You may think you've seen something like this before — geeky, outsider high-schoolers, tormented by questions of identity, setting up their own eccentric little world — but whiz-kid playwright Stephen Karam, who made a name for himself a couple of years ago when he co-wrote Columbinus, a play about the Columbine massacre, has a humorous and original take on the situation. Speech & Debate is peppered with spurts of genuine humor and pierced by little darts of surprise. There are also the usual allusions to teenage sexual confusion, pokes at censorship and depictions of the adult world's prudery, as well as its obtuse refusal to admit that teenagers have any sexual feelings at all. This adult world is represented by two characters: a small-minded, conventional teacher and a newspaper reporter anxious to simplify the kids' complicated travails into a smooth-voiced, slice-of-life National Public Radio story.

The teens are all interesting characters, spiky and self-obsessed as only teenagers can be, as ignorant about life's realities as they are technologically sophisticated and skilled at yanking each other's chains.

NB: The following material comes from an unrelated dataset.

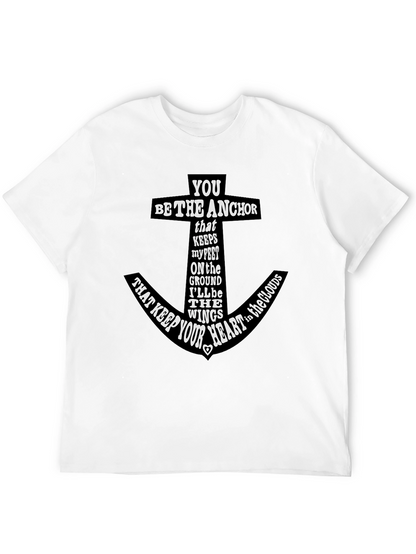 Anchor Inspirational Graphic Tee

They don't really bond in opposition to outside rejection as geeky kids in movies usually do, and they don't feud or fight in any sustained way, either. Instead, they use each other to meet their individual needs — manipulating, attacking or soothing as necessary. Howie, Solomon and Diwata are entirely at home in the brave new world of blogs, chat rooms, texting, Facebook and podcasts, but they suffer from all the roiling anxieties of adolescents through the ages, and their understanding of life comes primarily from the hokey truisms of pop culture. For Diwata, Wicked is a sacred text.

Getting in early on this sparky, original script represents a triumph for Curious Theatre, particularly in a season when so many local stages have been filled with tired and ancient fare. Still, the production doesn't entirely work; director Dee Covington has either allowed or outright encouraged an awful lot of overacting. Steven J. Burge keeps his footing as Howie because, as an actor, he has a knack for blending stylization with emotional honesty. He camps and sashays, but you know there's a real and very interesting person underneath it all, a boy as vulnerable as he is funny. Glen Moore's Solomon is more straightforward; his feelings don't seem to run as deep. But his modest contribution to the energy of the action is completely swamped by the hyper, over-the-top shenanigans of Laura Jo Trexler as Diwata. This girl is all over the place, mugging, hamming, incessantly moving her body. You can barely focus on what she's saying because she's acting so ferociously. Sure, Diwata is an extrovert, a ham, a narcissist — but you can play an exhibitionist without actually being one, and the trick is to show the human being beneath the ham. It's not that Trexler lacks raw talent: She's a vivid presence on stage, with a terrific singing voice and a lithe way of moving. She just needs to stop periodically and think about what she's saying — to understand, as all really good actors do to their bones, the transformative power of stillness and silence.